Anyways, so this post.  I am sitting here trying to decide where I should go with this….what to say exactly.  What is on my mind?  Well, I will say that I am sitting here feeling somewhat lost.  That simple 4 letter word seems to have crept into my life alot over the past year almost here.  Lost in so many different ways.  Both generally speaking  for both sides of me.  My normal boy side, and well the path/development of Staci Marie. 

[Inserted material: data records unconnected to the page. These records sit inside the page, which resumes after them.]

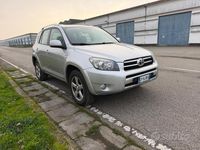 Usata Toyota RAV4 Luxury 177 CV (130 kW) 2008 Grigio SUV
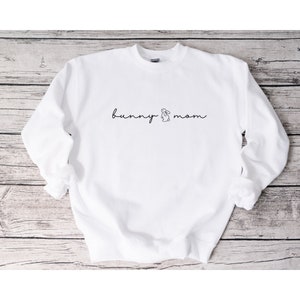 Bunny Mom Sweatshirt, Bunny Mama Gift, Rabbit Lover Gifts, Bunny Parent Shirt, Bunny Lover Shirt, Bunny Mom Gift, Bunny Shirt, Rabbit Shirt 画像 6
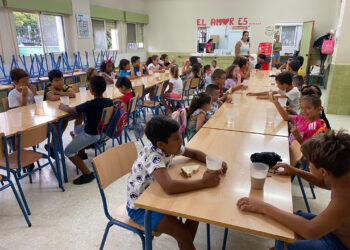Más de un centenar de niños en riesgo de exclusión participan en el campamento de verano escolar de Hidralia en Marbella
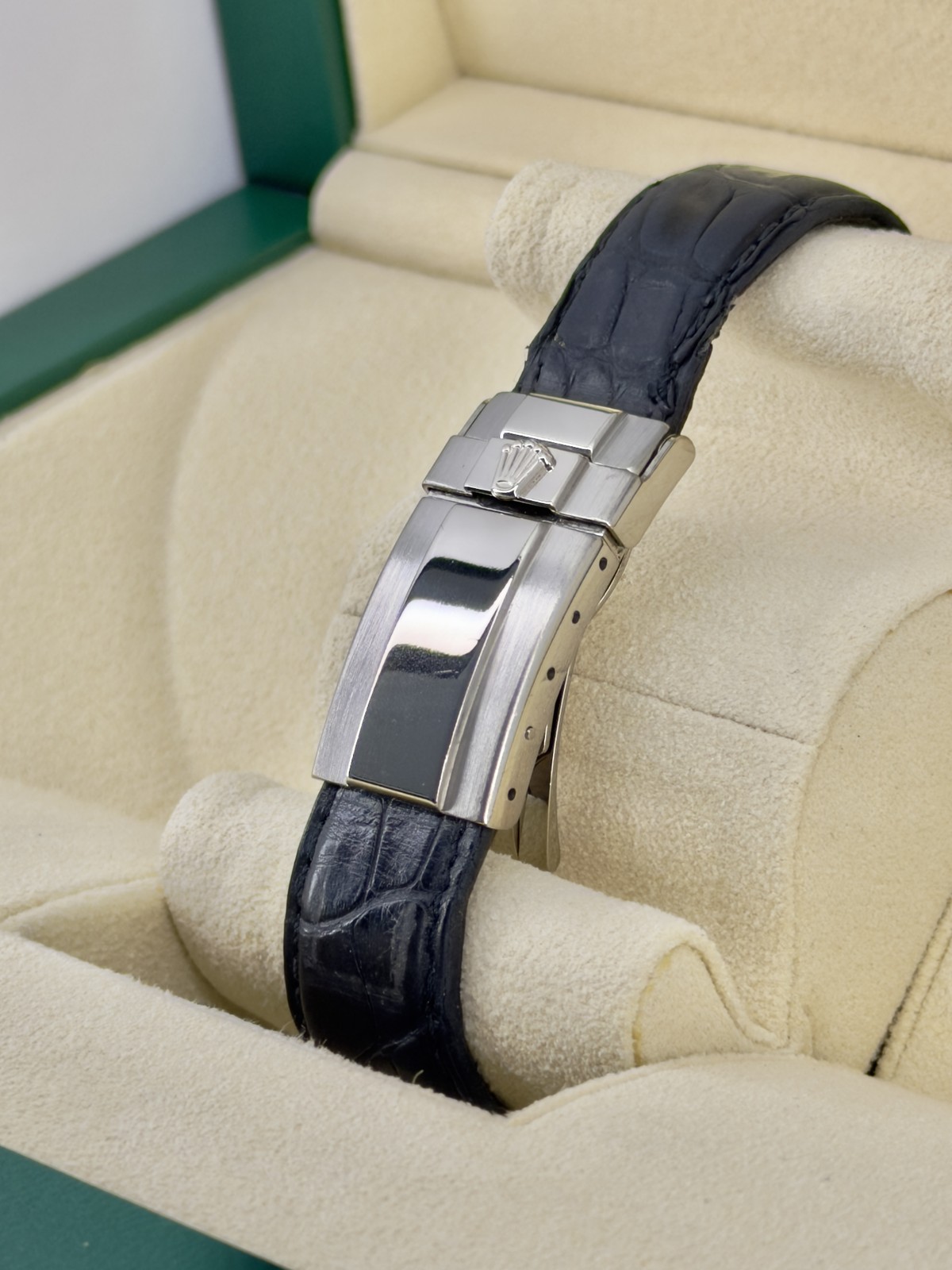 Rolex Daytona White Dial on Leather 116519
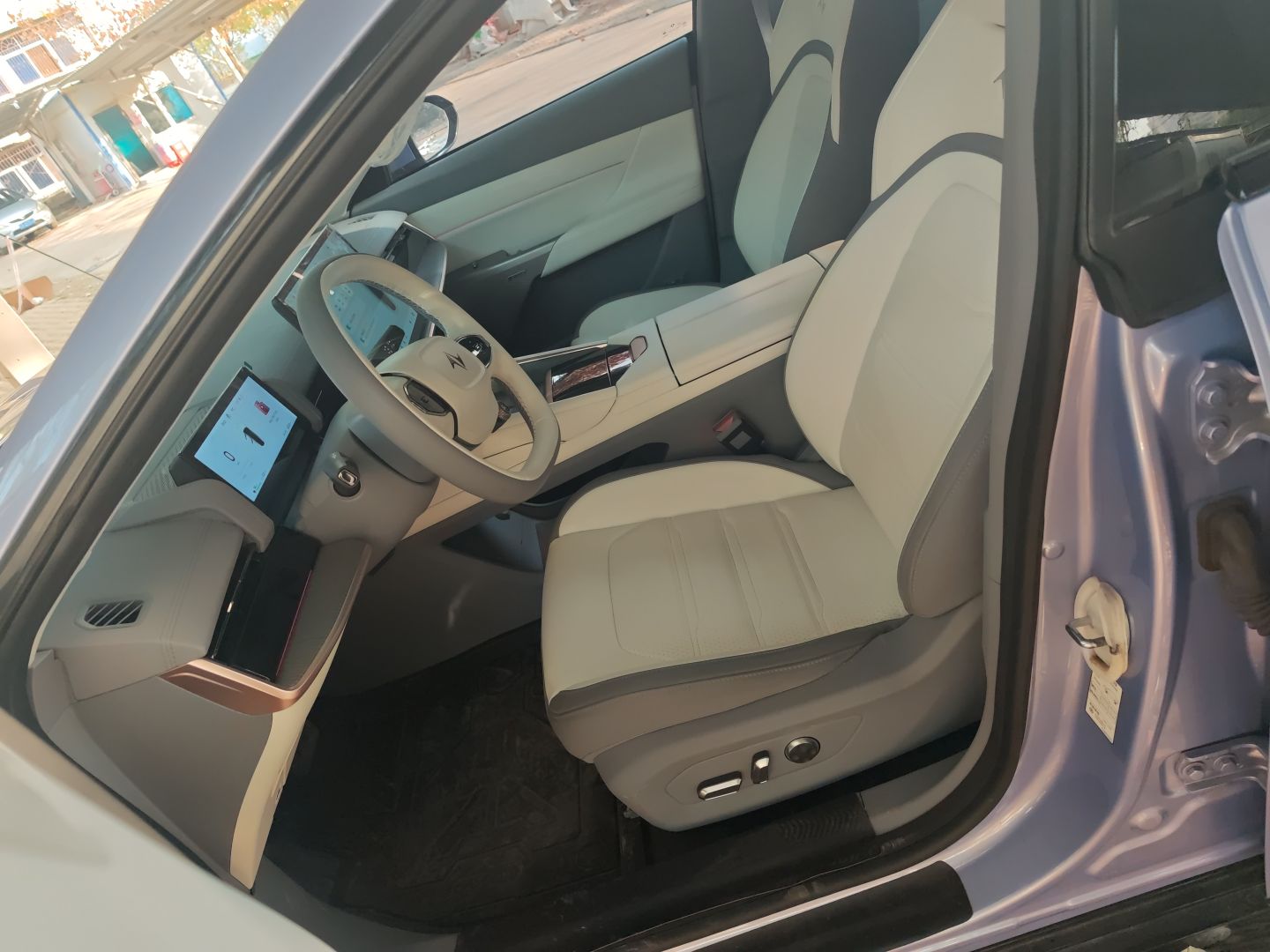 المقاعد الأمامية داخل السيارة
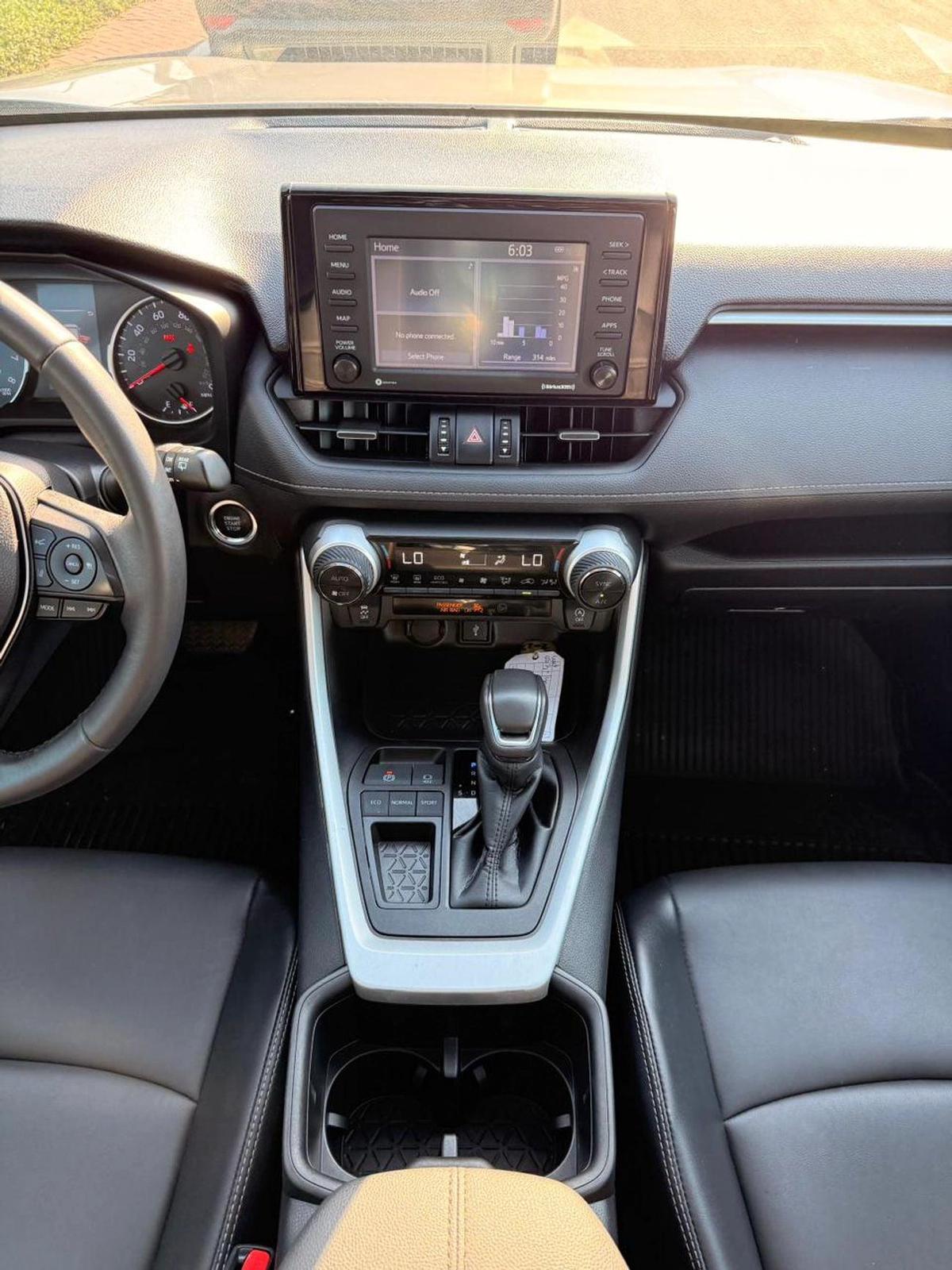 Toyota RAV4 XLE premium 2.5L Full option-6-6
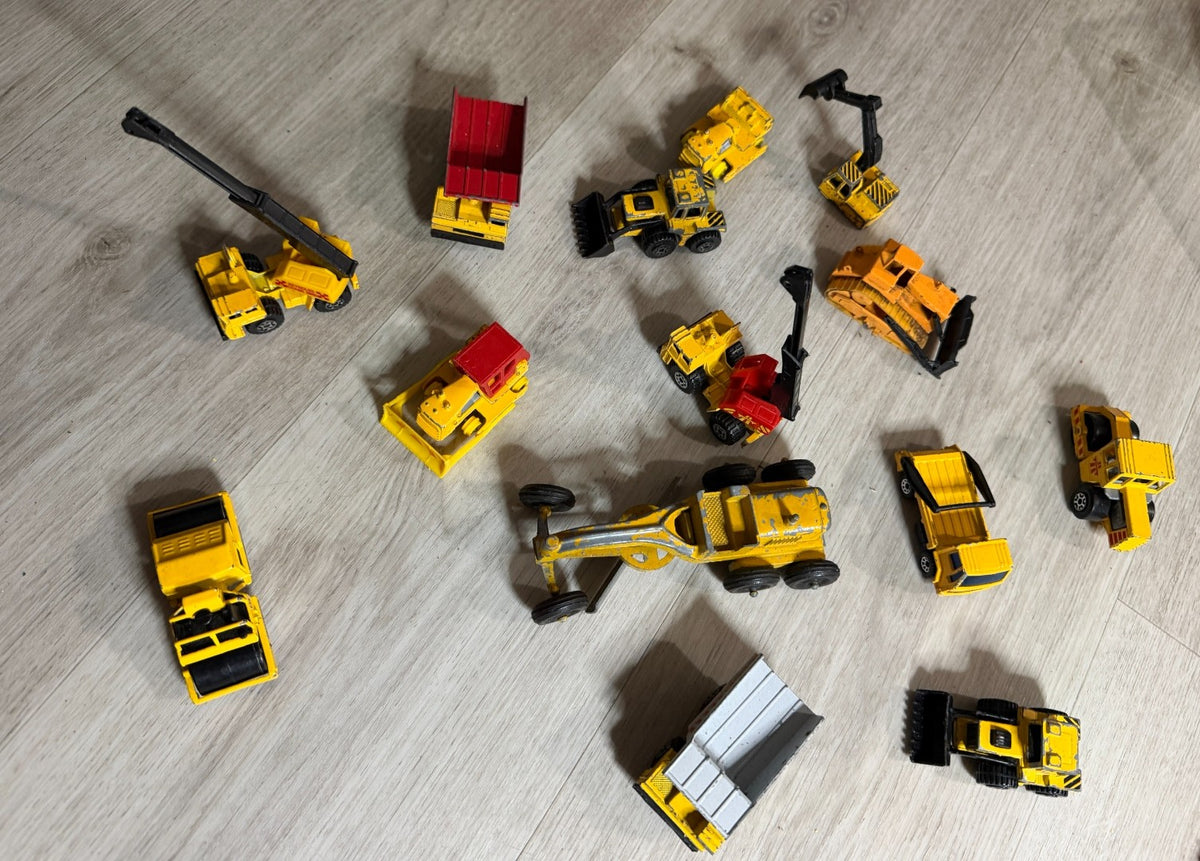 Vintage Matchbox Construction Vehicle Lot 13pc Bulldozer Dump Truck Crane Loader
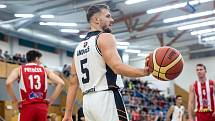 Basketbalová Kooperativa NBL: Kingspan Královští sokoli Hradec Králové - BK JIP Pardubice.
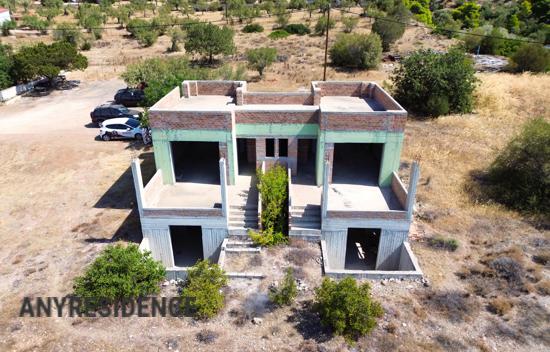 New home in Loutraki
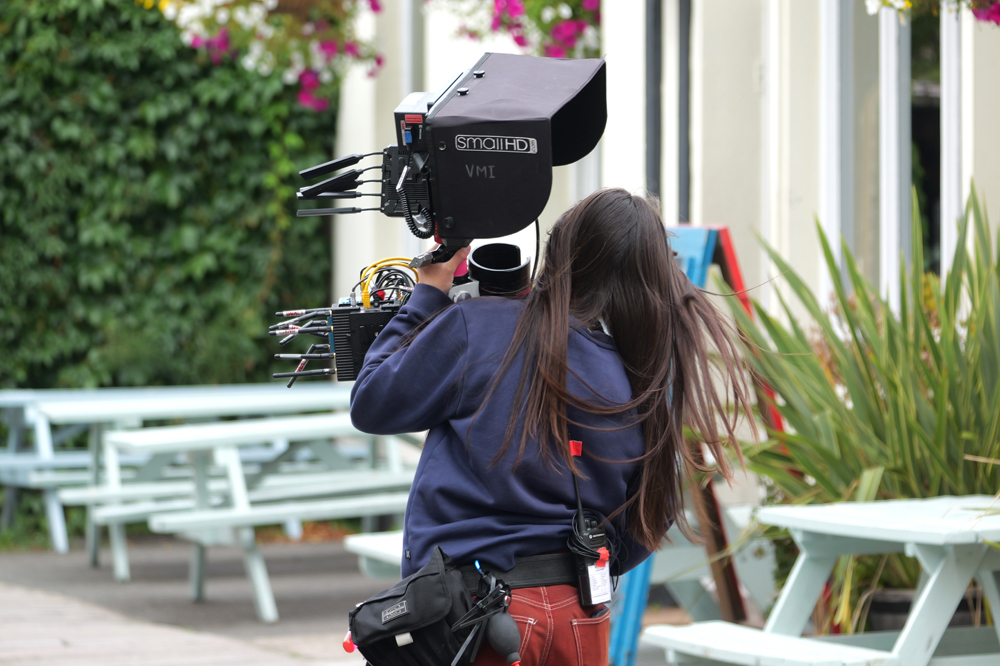 images/jane_2025/210825_P1190584_GirlCarryCamera1080r.jpg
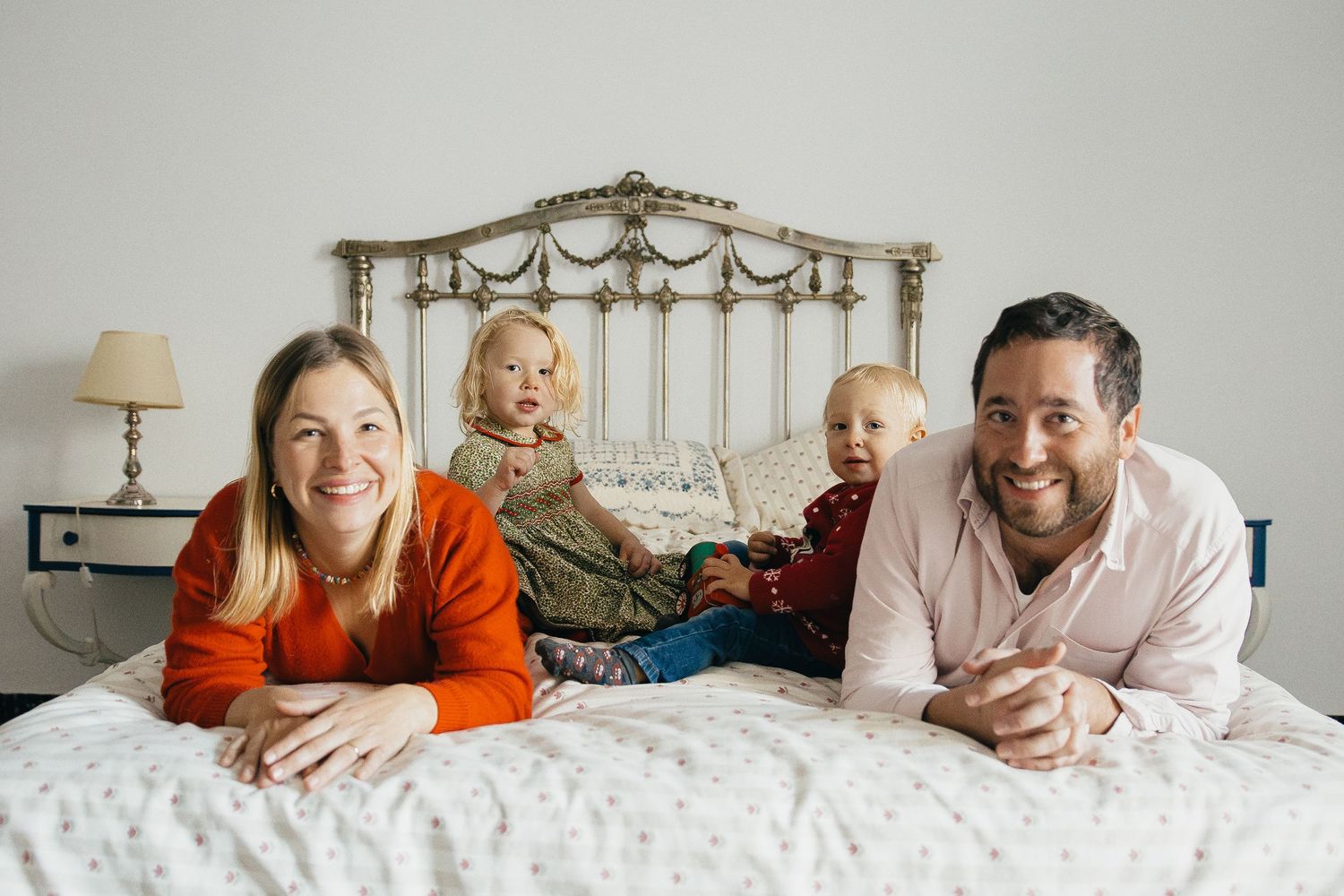 Fotografía de familia en casa - Sevilla - Naturalidad y autenticidad, Ludivine Mimar fotógrafa de familia en Sevilla.
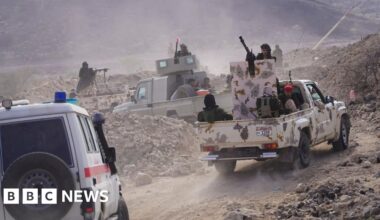 Yemen clashes bring Saudi and UAE-backed forces into confrontation
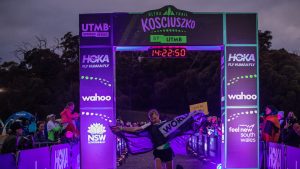 MacDonald y Ludowici ganan la Ultra-Trail Kosciuszko by UTMB acompañados por la nieve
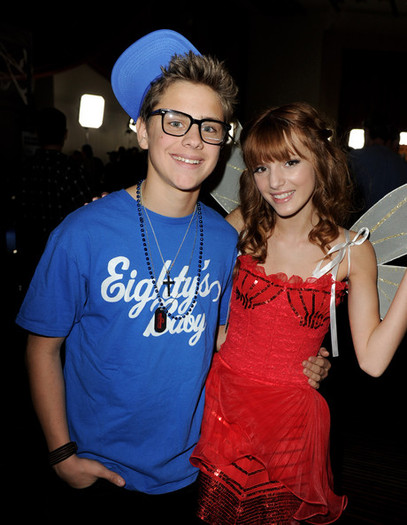 Bella+Thorne+Premiere+DreamWorks+Animation+mPQjpTHeTtWl - Bella Thorne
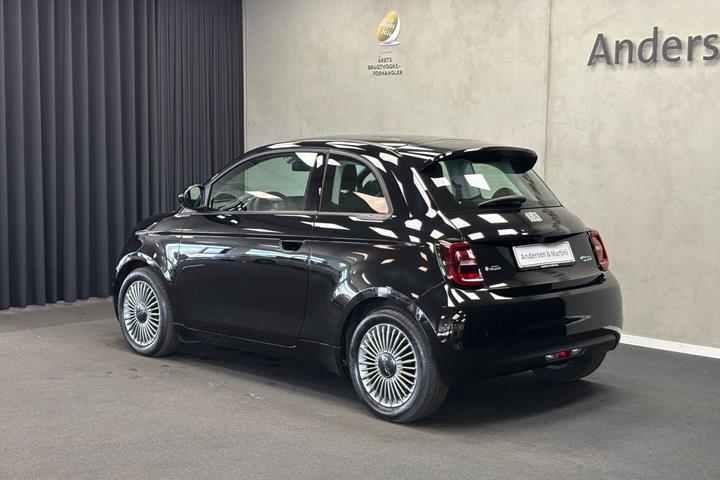 Sort Fiat 500e fra 2023
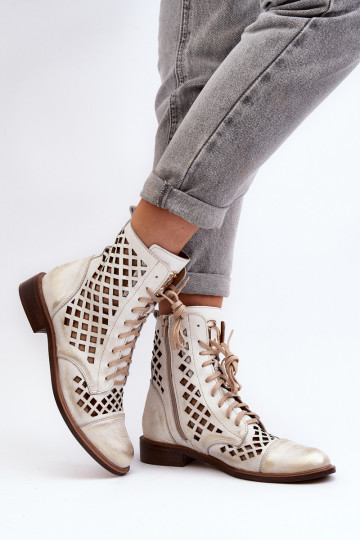 Zazoo 2695 avec des éléments ajourés Peau Bottes couleur dorée Przecierany 2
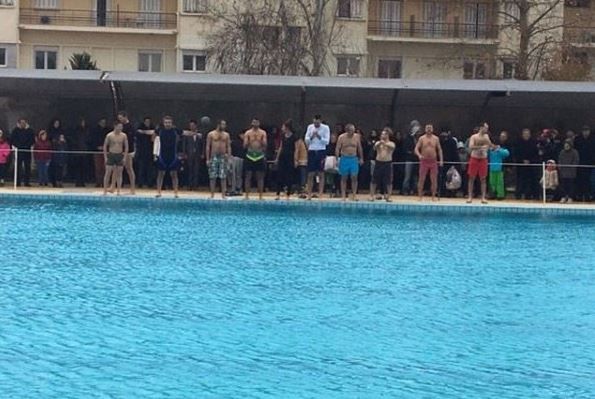 Βουλευτής από τη Θεσσαλονίκη βούτηξε για να πιάσει τον Σταυρό – ΦΩΤΟ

As a side note - I have somewhat failed in the things I wanted to follow that I mentioned in previous post.  I have not stuck to using my plug nor practicing on my dildo.  I am not sure why?  I suppose its because I can choose not to, or maybe its more that it is not much fun, or exciting doing it on my own for myself.  I need that interaction with someone, that push, that guiding presence.  However I will say as I sit here typing this, my plug is in fact inserted. 

I wanted to thank Mistress Honey, before I forget, for the lovely post concerning me, and all her help in pushing me.  It has been a good starting point for me, and I am trusting in her direction.  I must admit I sometimes think I need more however.  At the same time, I can understand why she has not giving me more as I seemed to have a hard time keeping up thus far with even the two posts a week.  Maybe it is more my lack of commitment that has kept her from giving me more things to do, more structured specific tasks.  Maybe it is me, and not those “domme” I find that keep me from progressing.  I am honestly not sure. 

Its just like a few times this week, in the morning getting ready for work, it crossed my mind to be daring and wear panties to work.  Yet again, I brush off the thought - not because I fear getting caught, but because the idea came from my own mind and not due to someone else’s suggestion.  The other problem with this is that I dont have alot of panties, or other clothing items that truly fit me properly.  Unfortunately things cost money - and I dont have alot of money to spend on things.  I am aware there are great deals out there that can be found; but with no one to share them with on a constant basis - seems like somewhat a waste of money.  If I had someone in my life to share this with on a regular basis.  I would easily, Im sure, loosen the strings on the lil money I do have. 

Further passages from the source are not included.